Both great questions. So I think while HPV vaccines have helped reduce HPV infections and consequence HPV associated diseases since they were introduced back in I think now 2006. There is lower uptake and unfortunately lower regimen and completion rate than with other vaccines. And this leads the sizable number of people still at risk of becoming infected with HPV, which can lead to development of diseases such as RRP and cervical displays here. So I think whilst vaccination rates vary around the globe, I think unfortunately we’re still not seeing the levels of vaccination, which mean that HPV associated disease is going to be with us for quite a while to come.
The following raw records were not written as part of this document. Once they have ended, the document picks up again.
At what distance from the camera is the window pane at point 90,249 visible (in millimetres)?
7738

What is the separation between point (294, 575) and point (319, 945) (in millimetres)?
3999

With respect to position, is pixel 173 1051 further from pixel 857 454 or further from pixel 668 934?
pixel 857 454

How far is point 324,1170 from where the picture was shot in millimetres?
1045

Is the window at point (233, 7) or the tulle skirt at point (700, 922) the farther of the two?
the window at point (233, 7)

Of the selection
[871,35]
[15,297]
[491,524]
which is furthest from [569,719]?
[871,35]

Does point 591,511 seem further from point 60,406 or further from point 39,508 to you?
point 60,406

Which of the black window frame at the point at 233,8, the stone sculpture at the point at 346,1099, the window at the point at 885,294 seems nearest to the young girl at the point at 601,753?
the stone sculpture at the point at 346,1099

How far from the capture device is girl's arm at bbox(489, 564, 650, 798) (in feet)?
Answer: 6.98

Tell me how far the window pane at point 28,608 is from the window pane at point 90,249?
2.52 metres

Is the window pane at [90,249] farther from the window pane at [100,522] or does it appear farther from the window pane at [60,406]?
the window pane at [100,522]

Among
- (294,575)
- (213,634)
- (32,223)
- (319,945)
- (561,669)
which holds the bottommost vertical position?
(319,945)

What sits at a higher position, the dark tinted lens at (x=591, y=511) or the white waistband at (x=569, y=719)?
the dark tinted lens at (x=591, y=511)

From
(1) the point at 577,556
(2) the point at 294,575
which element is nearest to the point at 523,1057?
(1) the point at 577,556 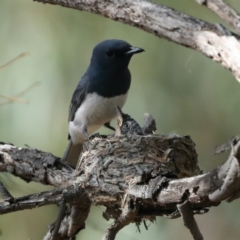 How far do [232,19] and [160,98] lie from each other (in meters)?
1.77

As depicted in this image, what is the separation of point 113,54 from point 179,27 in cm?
85

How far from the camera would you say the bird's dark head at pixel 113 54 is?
2.44 m

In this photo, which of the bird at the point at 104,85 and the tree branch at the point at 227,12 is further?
the bird at the point at 104,85

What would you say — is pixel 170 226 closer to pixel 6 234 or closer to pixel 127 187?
pixel 6 234

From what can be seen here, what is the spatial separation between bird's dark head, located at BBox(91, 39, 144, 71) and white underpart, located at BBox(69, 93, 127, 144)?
16cm

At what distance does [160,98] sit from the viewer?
3.39 m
So I think in terms of how we think about our relationship with DoD, I mean, we’ve been extremely grateful for the support that we’ve had from DoD across multiple of our platforms, including support for the development, manufacturing and scale-up of our ID investigational device that CELLECTRA 3PSP. We’re very grateful for that. We are actually in the final stages of completing our obligations under to those agreements; and we look forward to wrapping up that work very soon.
[Operator Instructions] Our next question will come from Yi Chen with H.C. Wainwright. Please go ahead, sir.
Hey, this is Chaith. Hey this is Chaith on behalf of Yi Chen. You’ve answered most of our questions. So the only quick question we have is on INO-5401 and in glioblastoma. What can we expect from this asset as it relates to clinical updates and or other key decisions moving into 2023? Thank you.
Yes. That’s a great question and I think I mentioned during the call that we’re currently thinking about the next steps for 5401 together with our partner Regeneron, and we expect to be providing an update on that next year.
Great. Thank you.
This concludes our question-and-answer session. I would like to turn the conference back over to Dr. Jacque Shea for any closing remarks. Please go ahead, ma’am.
I’d just like to thank everybody for their questions and for joining us today. Have a good evening, everyone. Bye-Bye.
The conference is now concluded. Thank you for attending today’s presentation. You may now disconnect.